ANAHEIM, Calif. – As Florida State crept closer to Gonzaga, shaving the Bulldogs’ second-half lead to six points, five points and finally four points, Johnathan Williams started to grow anxious, just like every other fan in the navy-blue-and-red sea behind Mark Few’s bench.
In a lot of ways, Williams was no different than every other GU ticketholder Thursday at the Honda Center, especially once it became clear the Zags weren’t simply going to coast past the Seminoles and punch their third Elite Eight ticket in five years.
Trembling hands. Sweaty palms. Nervous facial expressions.
Williams is adjusting to fandom these days. The Bulldogs pulled out a 72-58 win, but certainly made their former center uneasy for long stretches of the second half.
“I think any fan would get kind of nervous for a little bit,” Williams said.
On a two-way contract with the NBA’s Los Angeles Lakers, the former GU big man made good use of his off day, traveling 35 miles south Thursday to see the Bulldogs take on the Seminoles in a matchup that was more than familiar to Williams.
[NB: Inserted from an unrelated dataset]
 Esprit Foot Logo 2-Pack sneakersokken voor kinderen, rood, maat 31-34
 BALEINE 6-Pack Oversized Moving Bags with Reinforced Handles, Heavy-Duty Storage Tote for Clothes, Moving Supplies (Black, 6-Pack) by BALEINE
He played 34 minutes, scoring eight points and grabbing 11 rebounds, in a 75-60 Sweet 16 loss to the Seminoles last March at the Staples Center – Williams’ full-time office these days.
Williams follows the Zags when he can – “being in the NBA it’s a lot of games, so you get kind of tired, but yeah, I try to catch a couple of games” – and gave them a thumbs-up after avenging last year’s defeat to FSU.
Even if it made him a little tense.
“(Josh Perkins) was able to control the game on the offensive side of the ball,” said Williams, who found his way into the GU locker room after the game. “We were able to get stops. I think it just came down to, we made more plays down the stretch, and we were able to keep that tempo and cushion a little bit. And we didn’t panic as much when they started making a little comeback.”
The mettle Gonzaga has shown this season isn’t surprising to Williams, nor is the dominance of the Bulldogs’ frontcourt, even after losing his production – 13.4 points per game and 8.5 rebounds in 2017-18.
Williams had a good sense of how effective Brandon Clarke could be for GU this season, well before most of the country knew his name. During practices and intersquad scrimmages in Spokane last season, Clarke, redshirting at the time, was typically the scout team player assigned to guard Williams.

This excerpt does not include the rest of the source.